In the atmosphere, it is changed chemically to sulphate, which in turn becomes the seeds of clouds.
Solid organic matter from large collections of phytoplankton blooms can also help with cloud formation.
This blooming ocean can give rise to a specky scum, from which tiny bubbles get lofted into the air by the churn of the sea.
Water vapour condenses around them, tiny droplets form and the fluffy billows of the sky emerge.
So what does this ocean-coloured scene have to do with a warming planet?
Well, researchers say that the type of clouds produced from sea gas and plankton particles, especially in the Southern Ocean, are not your common or garden cumulus.
Clouds reflect sunlight back into space depending on the size of the droplets and the amount of liquid suspended in them.
The more liquid that is suspended in the cloud, the brighter and more reflective they are - swotty philosophers of the skies!

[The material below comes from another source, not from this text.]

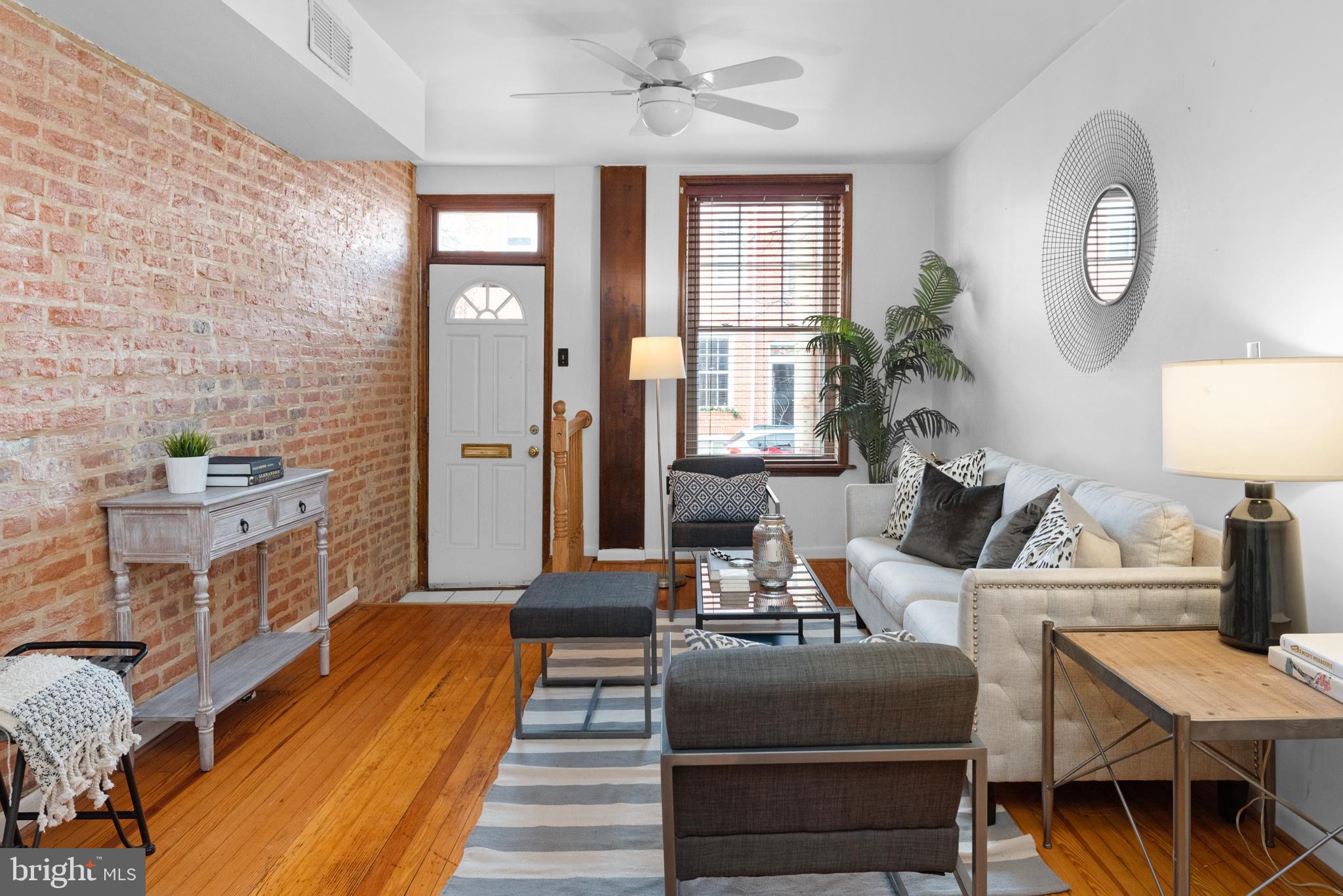 FEDERAL HILL HISTORIC DISTRICT - Residential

The experts have long understood that in winter, when seas are stormy and the spray is flying, there will be more of these types of droplets and thus more sun bounced back into space.
In the balmy, calm of summer at sea they expected the clouds to be far less reflective.
They were astonished to discover that, in the Southern Ocean, this was not the case at all.
In fact they concluded that the plankton particle effect was strongest in the warmer months - on average they found that ocean life doubled the number of droplets in summer.
"The amount of sunlight that's reflected by those clouds in this region is about 125 watts per metre squared," said co-author Dr Susannah Burrows, from the US Department of Energy's Pacific Northwest National Laboratory.
"What we're finding is evidence for a change in that reflectivity of 10 watts per metre squared, that would be attributed to the phytoplankton - so about 8% of the reflection of sunlight on those clouds."
"It is quite a bit!" she said.
Brightening the clouds
So can this new understanding of the role of sea smells and clouds make a difference to global warming?
Well, yes, say the researchers but not necessarily in the ways you might think.
The scientists are excited about the findings because for the first time it gives them a clue about the total number of aerosols that are up in the air over the Southern Ocean.
But could this new understanding give a boost to ideas about geo-engineering our way out of warming hell?
In recent years a number of researchers have suggested that brightening the clouds could be a low-impact way of cooling the planet.
Does this Southern Ocean research make this a more feasible prospect?
"In principle it is possible to strongly modify and brighten marine clouds by injecting particles into the marine atmosphere," says Dr Burrows.
"But I think whether or not that's a good idea is really a political question that needs to be discussed within society."
Something to mull over while lying on the beach with the sea air in your nostrils.